** Try it **
Exactly the lines from the one containing "Portrait middle age woman View" through the one containing "Rustic Cabin Table" in the listing below are to be copied, with the pictures left out.

** Data supplied **
⁂
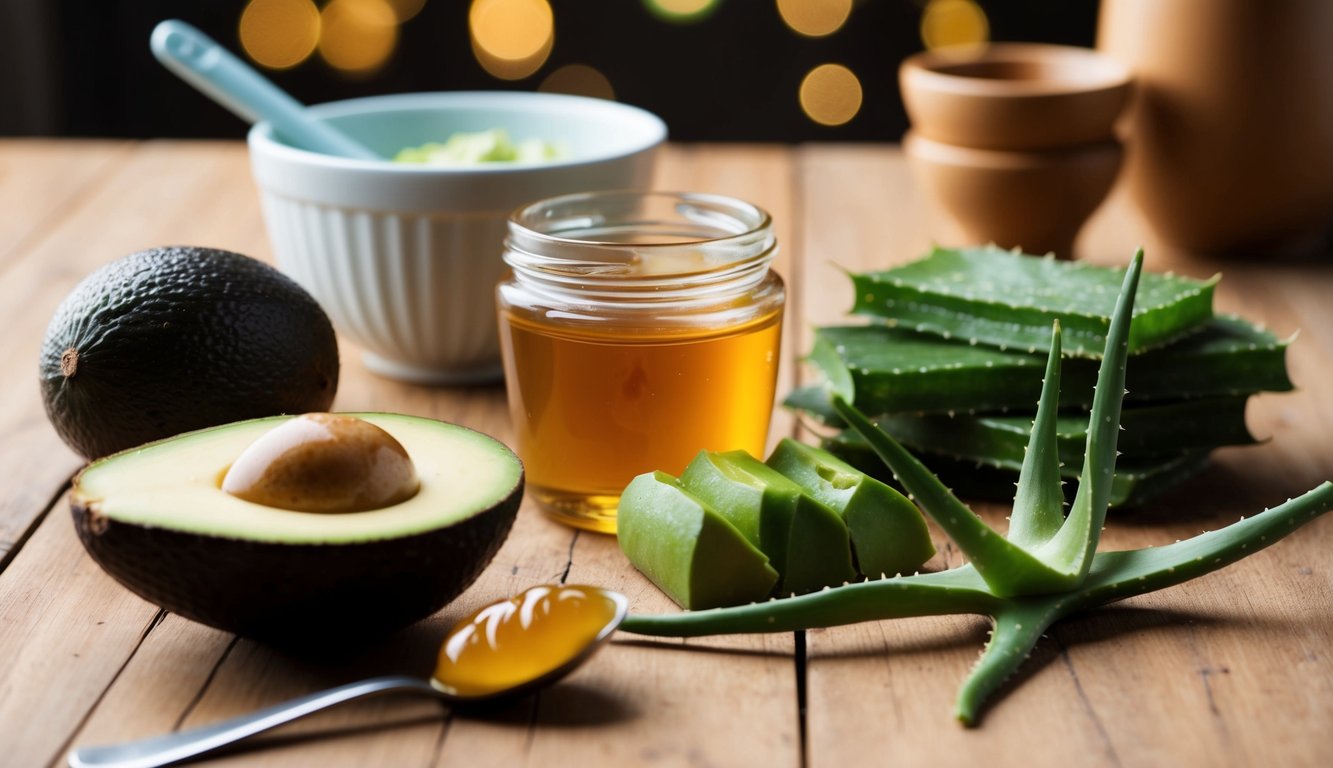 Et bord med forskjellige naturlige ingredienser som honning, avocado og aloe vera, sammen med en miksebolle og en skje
⁂
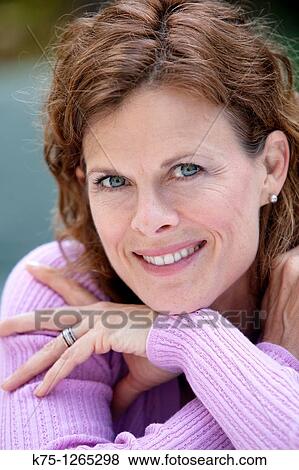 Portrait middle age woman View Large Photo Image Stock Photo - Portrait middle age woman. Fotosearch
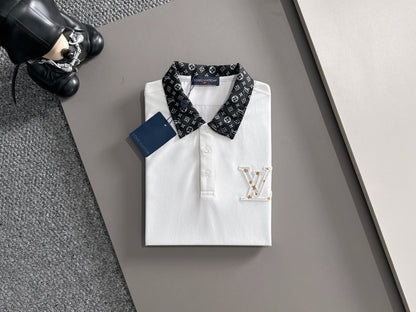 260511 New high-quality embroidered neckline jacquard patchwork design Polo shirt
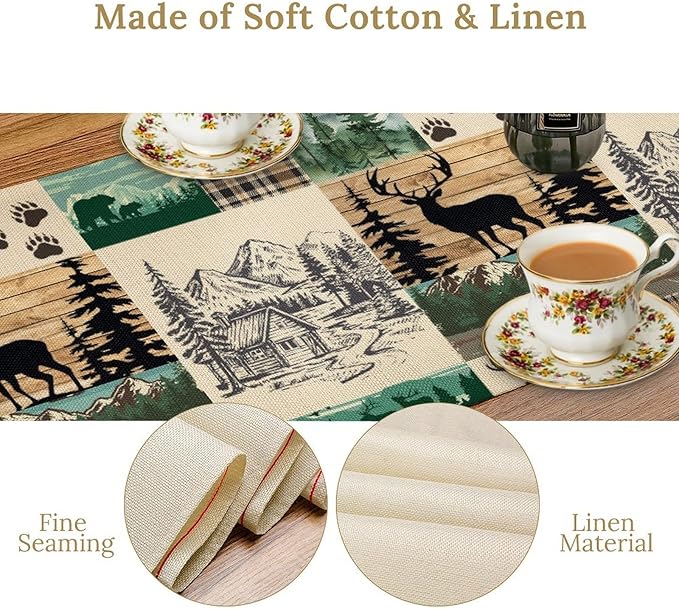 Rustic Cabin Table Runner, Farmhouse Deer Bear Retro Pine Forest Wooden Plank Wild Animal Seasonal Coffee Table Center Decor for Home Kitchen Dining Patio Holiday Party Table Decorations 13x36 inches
⁂
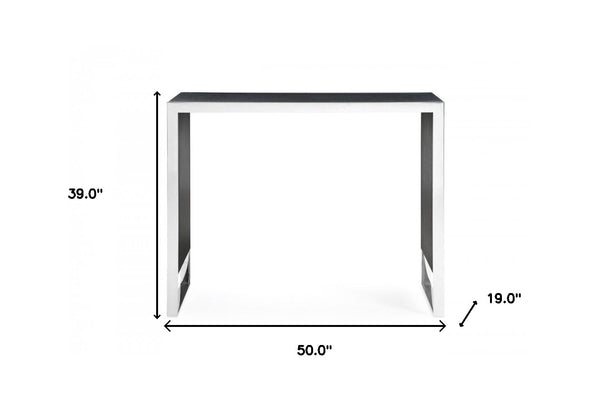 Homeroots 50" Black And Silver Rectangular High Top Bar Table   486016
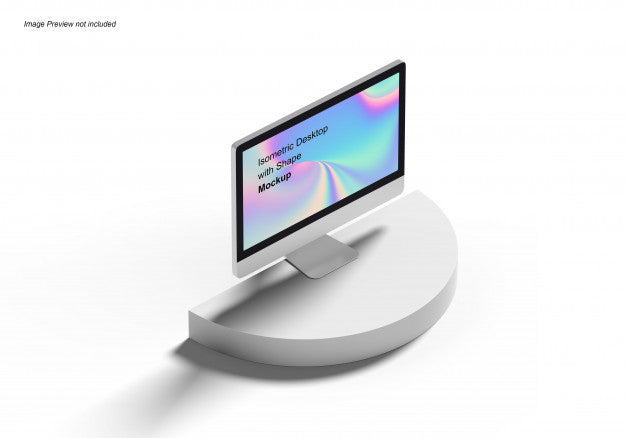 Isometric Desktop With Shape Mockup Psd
⁂
** Answer to this exercise **
 Portrait middle age woman View Large Photo Image Stock Photo - Portrait middle age woman. Fotosearch
 260511 New high-quality embroidered neckline jacquard patchwork design Polo shirt
 Rustic Cabin Table Runner, Farmhouse Deer Bear Retro Pine Forest Wooden Plank Wild Animal Seasonal Coffee Table Center Decor for Home Kitchen Dining Patio Holiday Party Table Decorations 13x36 inches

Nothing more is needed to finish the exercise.